Similarly to our findings, Djaló et al.28 observed that the stroke mortality rate in 2021 exceeded the rate of the previous four years in Pernambuco. This increase can explained by the development of the COVID-19 pandemic, which negatively impacted patients with less severe strokes due to delays in hospital care, changes in treatment organization, ICU overload, and lower adherence to protocols29,30. Additionally, some studies suggest an increase in stroke incidence associated with COVID-19, although further research is needed to clarify the pathophysiology of this relationship31.
The motivation for this research stemmed from the scarcity of studies on the epidemiological parameters of stroke in the state of Amazonas. Stroke is one of the leading causes of death and disability in Brazil and worldwide. The population of Amazonas faces unique challenges in accessing healthcare, which likely contributes to the high mortality rates in the region.

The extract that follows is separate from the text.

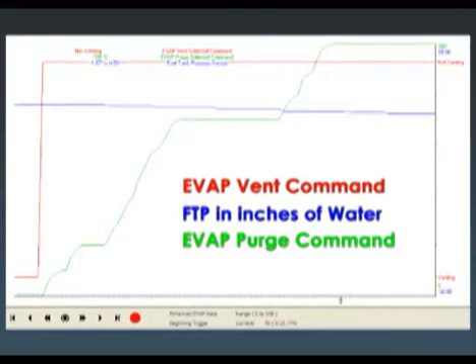I pull up some data PIDs: in red is my vent solenoid commanded, in green is my purge solenoid commanded, and in blue we have the FTP sensor in inches of water. It's very important to note that as vacuum is increasing, the blue line will go down - less pressure is at the bottom of the screen, which is what we're trying to achieve.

A stationary temporal trend was observed in the mortality rate for the general population, whereas individuals aged 80 years and older showed an increasing trend. These findings underscore the need for specific interventions and public policies to control stroke in the state, especially among elderly individuals aged 80 years and older.
The limitations of this study include the potential for errors, underreporting, and delays in data recording, which could influence the findings. However, it is crucial to note that the registration procedures in the Mortality Information System are standardized and conducted by trained professionals, minimizing the likelihood of mistakes32. Moreover, the robustness of the data mitigates the potential impacts of underreporting and delayed registrations.
Continuing to monitor the assessed indicators in the state and conducting new research to investigate the underlying factors behind the observed outcomes is imperative. Including other variables such as pre-existing medical conditions, family history of cardiovascular diseases, socioeconomic status, and access to healthcare is crucial for a more comprehensive evaluation. Future studies can explore these variables for a more detailed analysis of stroke mortality rates in Amazonas state.
CONCLUSION
This study showed a stable trend in mortality rates for the total population and the age groups 20-29 years and 30-39 years. However, individuals aged over 80 years showed an increasing trend in mortality rates. Most deaths occurred in individuals over 60 years old. Additionally, a disparity between sexes was evident, with men often exhibiting higher mortality rates.
Moving forward, closely monitoring these trends and developing specific public health strategies for vulnerable groups, especially elderly, is essential to reduce mortality in these populations. Furthermore, ongoing research into factors contributing to these disparities can help formulate more effective policies to improve the health and longevity of the population.